SSL statistics from Chrome and Googlebot

The Google Chrome team released new statistics and implementation details on their proposed “False Start” abbreviated TLS handshake. Google claims the new handshake, introduced in version 9 of the Chrome browser in February, shaves an average of 120 milliseconds from a typical four-flight TLS handshake by accepting application data before both sides have communicated a “Finished” status. Chromium and its descendants such as Chrome can signal their acceptance of the abbreviated handshake protocol in the initial request for compatibility with 99.6% of known websites in the Google search index serving pages via the https scheme. Chromium flags incompatible sites in a blacklist text file bundled with the browser.
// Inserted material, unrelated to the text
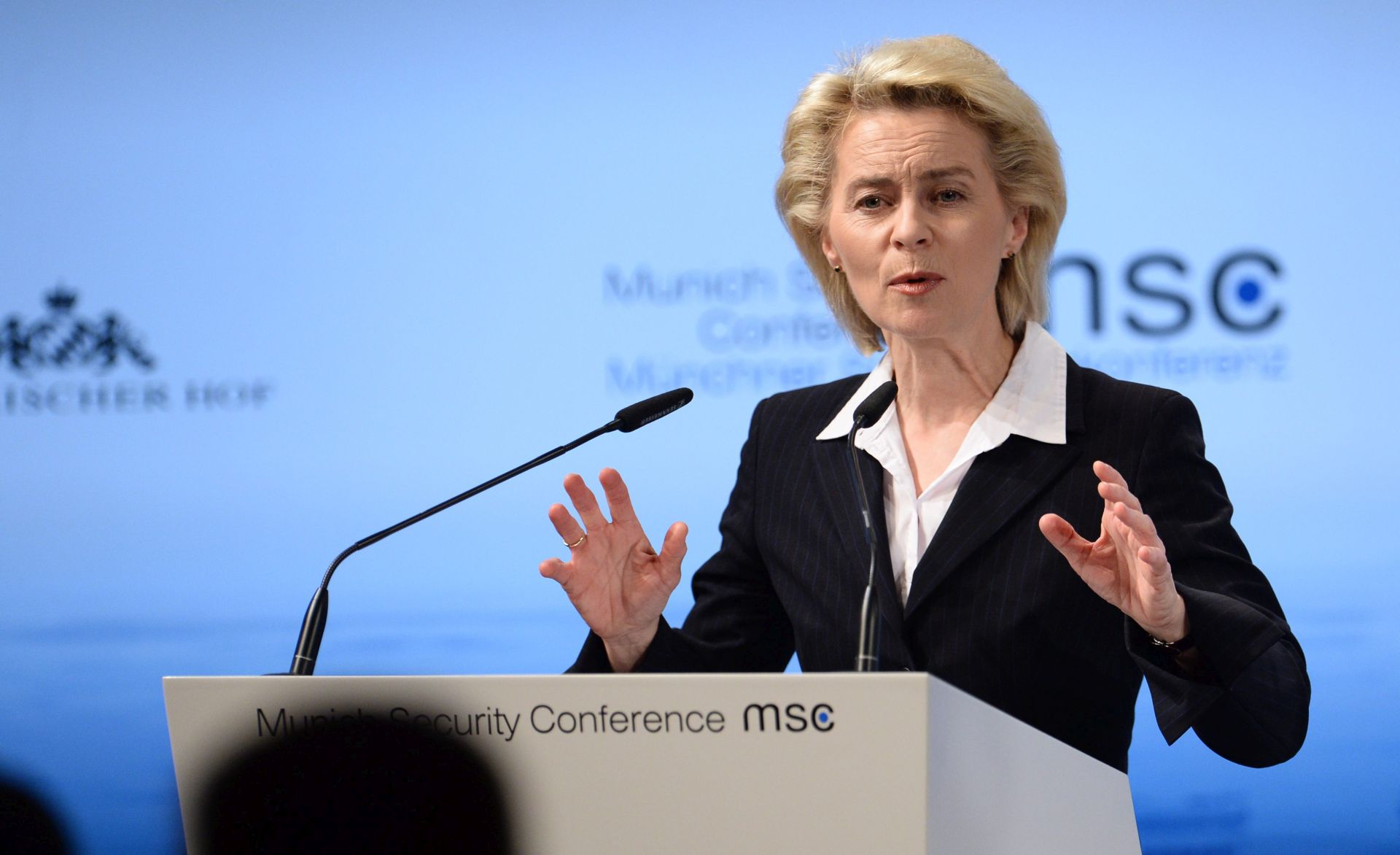 epa05156421 Geman Minister of Defence Ursula von der Leyen speaks at the 52nd Security Conference at Hotel Bayerischer Hof in Munich, Germany, 12 February 2016. The 52nd Security Conference, where foreign policy and defence experts are meeting to discuss global crises continues until 14 February 2016.  EPA/ANDREAS GEBERT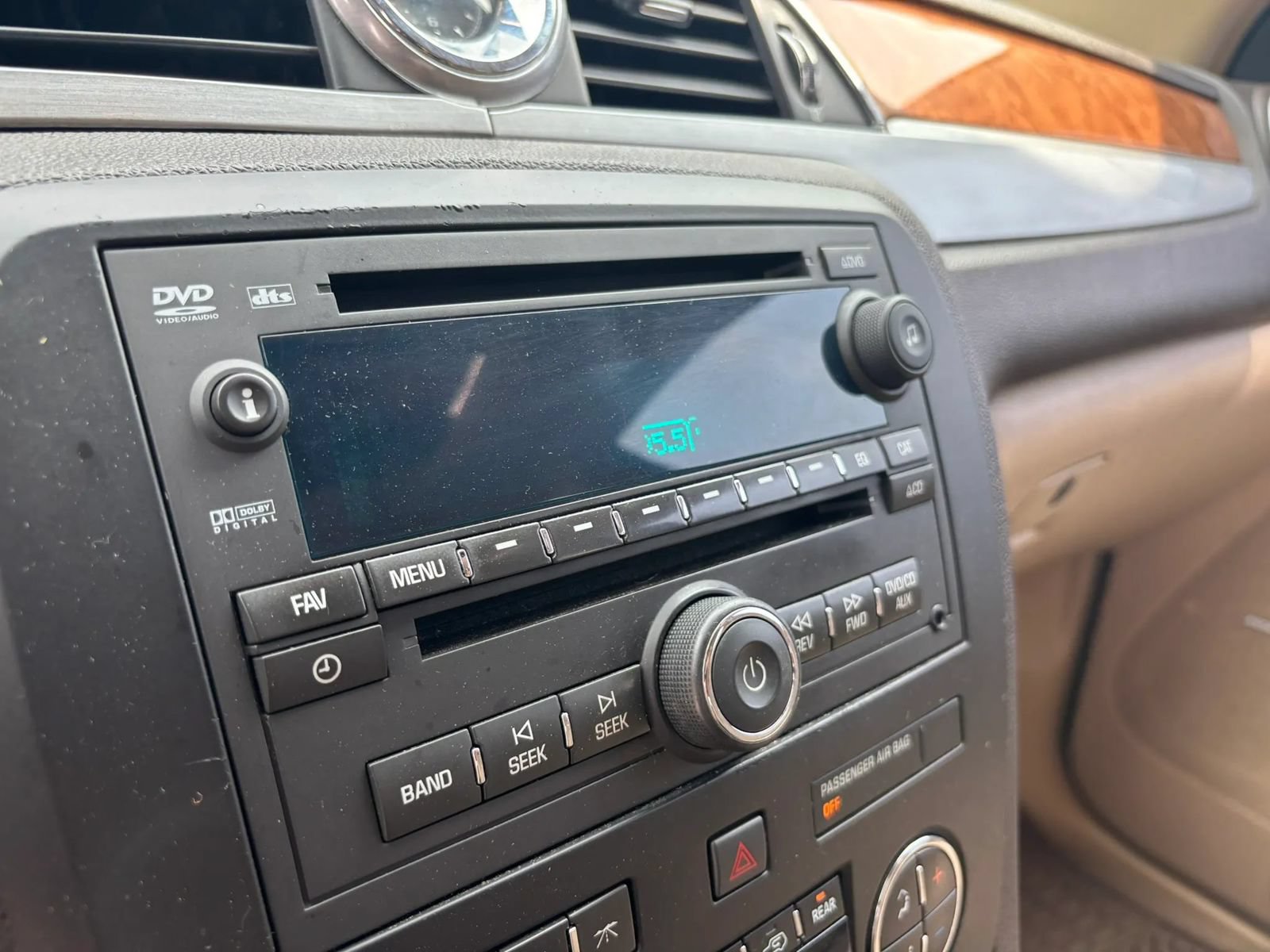 Used 2009 Buick Enclave CXL w/ Entertainment Package #2 AWD/4WD image 24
False Start is another example of the Chrome team speeding up the web by questioning existing protocols, introducing new ideas for how the Web could work enabled via a browser flag and possibly a server configuration, and defining a compatibility corpus based on the Web observed by Googlebot. SPDY is another good example. I like it.

Mike Belshe, an engineer on the Chrome team, has also been posting about unnecessarily long SSL certificate chains on large websites and the path to a short SSL chain including the competitive advantage of long-established certificate issuers. Good references for SSL/TLS behaviors behind the scenes that may be slowing down your websites and causing trust issues on mobile clients.